Onboarding Guide

Getting started with data virtualization

This guide is intended for data providers and engineers who are new to virtual store technology and want to begin virtualizing NASA datasets.

Prerequisites

(List required background knowledge, tools, and access credentials.)

Step 1: Understand your data

Before virtualizing, document:

File format (NetCDF, HDF5, GeoTIFF, etc.) and any data hierarchy
Grid structure (uniform, non-uniform, swath)
Typical file sizes and granule counts
Primary user access patterns

Step 2: Choose a virtualization approach

Approach	Best for	Status
Kerchunk	Reference files for existing archives	Mature
Icechunk	Transactional stores, appending data	Active development

Step 3: Design your chunk manifest

Refer to Best Practices and Known Limitations before finalizing your chunk layout.
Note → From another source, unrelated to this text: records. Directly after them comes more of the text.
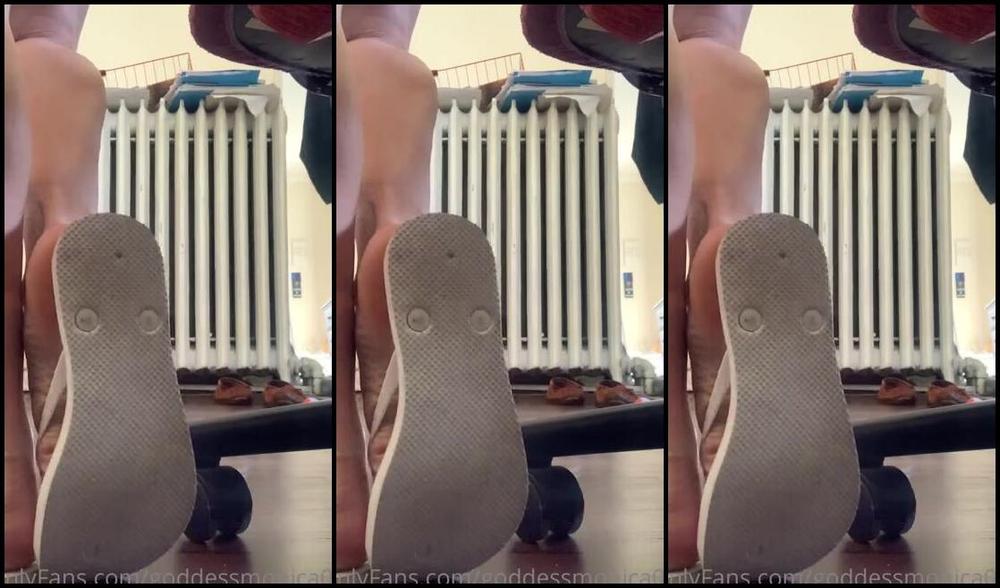 Goddessmonica00W Onlyfans Fuck My Feet In Flip Flopsp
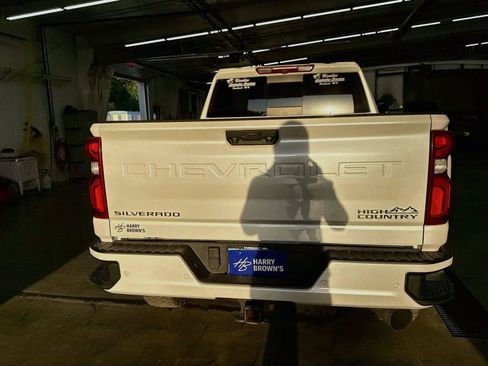 Used 2022 Chevrolet Silverado 3500 High Country w/ Safety Package II AWD/4WD image 9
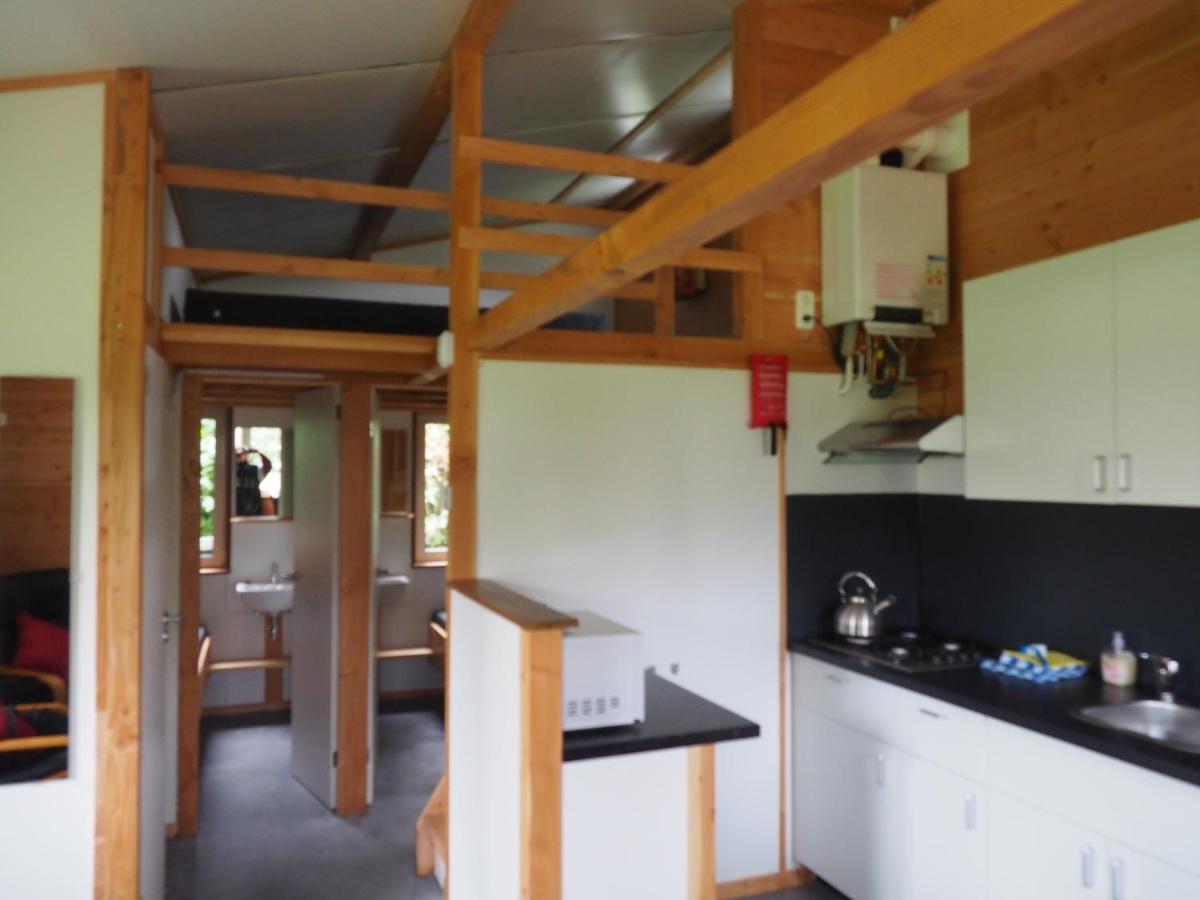 Chalet - Camping 'T Dekske Wintelre Bagian luar foto
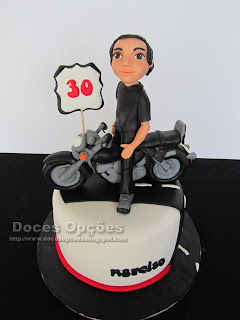 Bolo de aniversário com a moto do Narciso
Step 4: Generate and validate your virtual store

(Step-by-step instructions and code examples to be added.)

The toolchain offers multiple entry points at this step:

earthaccess.virtualize() provides a higher-level interface that handles common cases with less configuration.
Icechunk API directly offers more control over commit behavior, store configuration, and append workflows.

Generation can run in series or in parallel (e.g., using Dask), depending on the number of granules and available compute.

Step 5: Register and publish

(Instructions for registering your virtual store with the relevant DAAC and making it discoverable.)

Getting help

(Links to community resources, Slack channels, issue trackers, etc.)

Common gotchas

Before starting, review the Known Limitations section — several apply directly to onboarding decisions:

Chunk size consistency — verify your files share a common chunking scheme before building the store, not after.
Early structural decisions — understand your users’ dominant access patterns before choosing a chunk layout.

Additionally, netCDF group hierarchies may need to be flattened during virtualization. Support for netCDF groups in virtual stores is a work-in-progress. If preserving hierarchy matters for your dataset, test this early with xarray DataTree.